The color-coding (yellow = low prices, dark purple = high prices) highlights clear clusters of high-value properties.  
Listings above 10 Miliar IDR are concentrated in the northern and central-northern districts of Bandung.  

**Premium Residential Areas Identified:**  
- **Dago (Coblong/Cidadap):** Widely recognized as Bandung’s most expensive area, especially near the city core.  
- **Ciumbuleuit (Cidadap):** Known for luxury homes, apartments, and proximity to universities.  
- **Setiabudi (Setiabudi District):** A premium corridor, particularly along the main road.  
- **Northern Suburbs (Cimenyan, Ciburial Village, Lembang):** High land values driven by tourism and luxury developments.  

**Conclusion:**  
The visualization successfully validates the known geography of wealth in Bandung.  
The spatial data (latitude and longitude) is reliable and consistent with external market reports.  
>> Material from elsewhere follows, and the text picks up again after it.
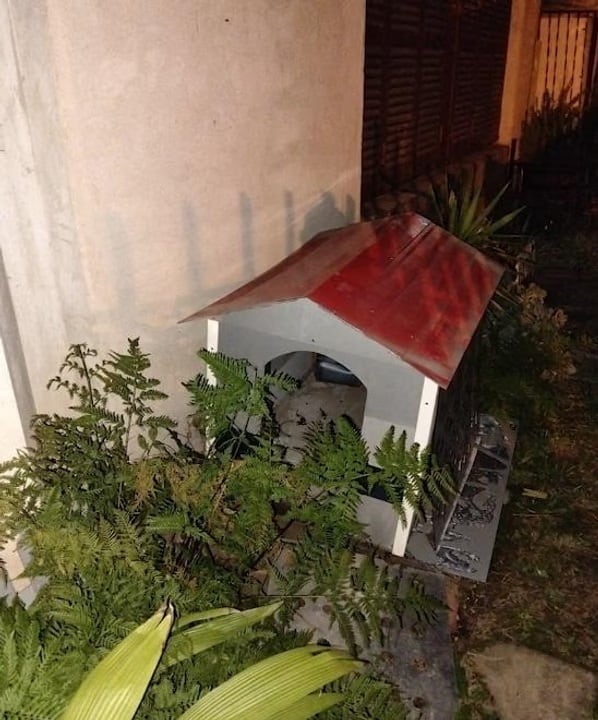 Atraparon a un ladrón de automóviles que se había escondido en una cucha de perro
## Limitations and Possibilities

## 1. Limitations of the Current Analysis

While this dataset provides a valuable "signal" of the Bandung property market, it is important to acknowledge three critical limitations in its current state:

### A. The "Static Snapshot" Limitation (Temporal Bias)
Currently, the data represents a single window of time (September–October 2025).
* **No Velocity:** A snapshot has no movement. We cannot tell if prices in Bandung are currently rising (appreciating) or falling (crashing).
* **No Seasonality:** Real estate markets often fluctuate based on the time of year (e.g., higher activity during school holidays). This 2-month sample cannot capture those annual cycles.
* **Unknown "Time-on-Market":** We cannot distinguish between fresh listings and "stale" listings that have been sitting unsold for months because they are overpriced.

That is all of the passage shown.